Price: In total, it came to 70rmb: 20rmb for a regular t-shirt, 30rmb pick-up and delivery, and 20rmb for the sheer horror I had inflicted with the red wine. That's decently priced. Communication on WeChat was especially attentive, friendly and English-speaking.
Wuyuan Lu Lady</1>
Okay, this one's the odd one out, but the lady on Wuyuan around the corner from Avocado Lady has been my dry-cleaner for years. Not for any particular reason, I just like her gregariousness. I like that she'll yell at me to speak louder rather than turn the volume on her soap operas down, and she's constantly trying to hawk me some fresh fruit or other produce she's selling.
I've selected her to be the stand-in for all the other one-to-two person operations around town.
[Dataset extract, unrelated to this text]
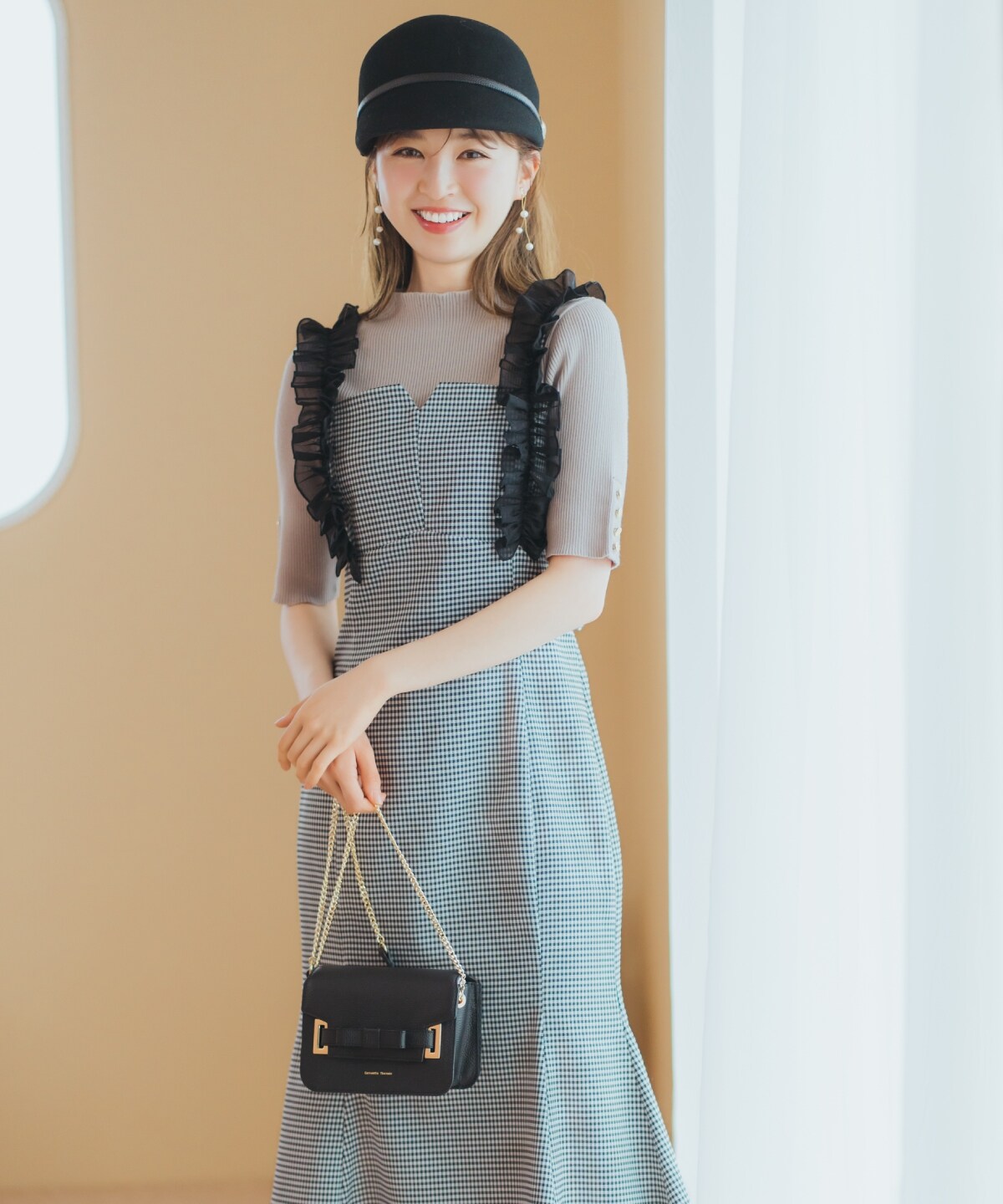 袖口ボタンボトルネックリブニット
I called her up, and she refused to pick the shirt up because pssssh she's not coming to get just a single shirt, are you crazy? I ran it down to her, suffered her tut-tutting over my red-wine drinking habits and declined her offer of fresh yangmei.
Price: A solid 60rmb, and the judging glare. Would have been another 30rmb or so if I'd arranged delivery and pick-up myself, but I'd have spared myself the derision.
Deliver The Conclusions
Honestly, with the exception of UCC, I'd probably use any of these again. If I had to choose, based on this process, I'd go with:
Easy Life, for the fastest turn around and minimum fuss, or Laundry Town if I had a particularly nasty case that requires some personal consultation.
Josephine Laundry would be my economy option, but only if I can find a spot nearer to me. If not, Oookay is another cheap option, even if they do send it out of town.
Oh, and the Wuyuan Lu Lady when she's got lychee. Love me some lychee.
Wait, So What Happened to All the Clean T-shirts
White isn't really our color. We're donating them all to charity, clean and good as new. Look at them dance!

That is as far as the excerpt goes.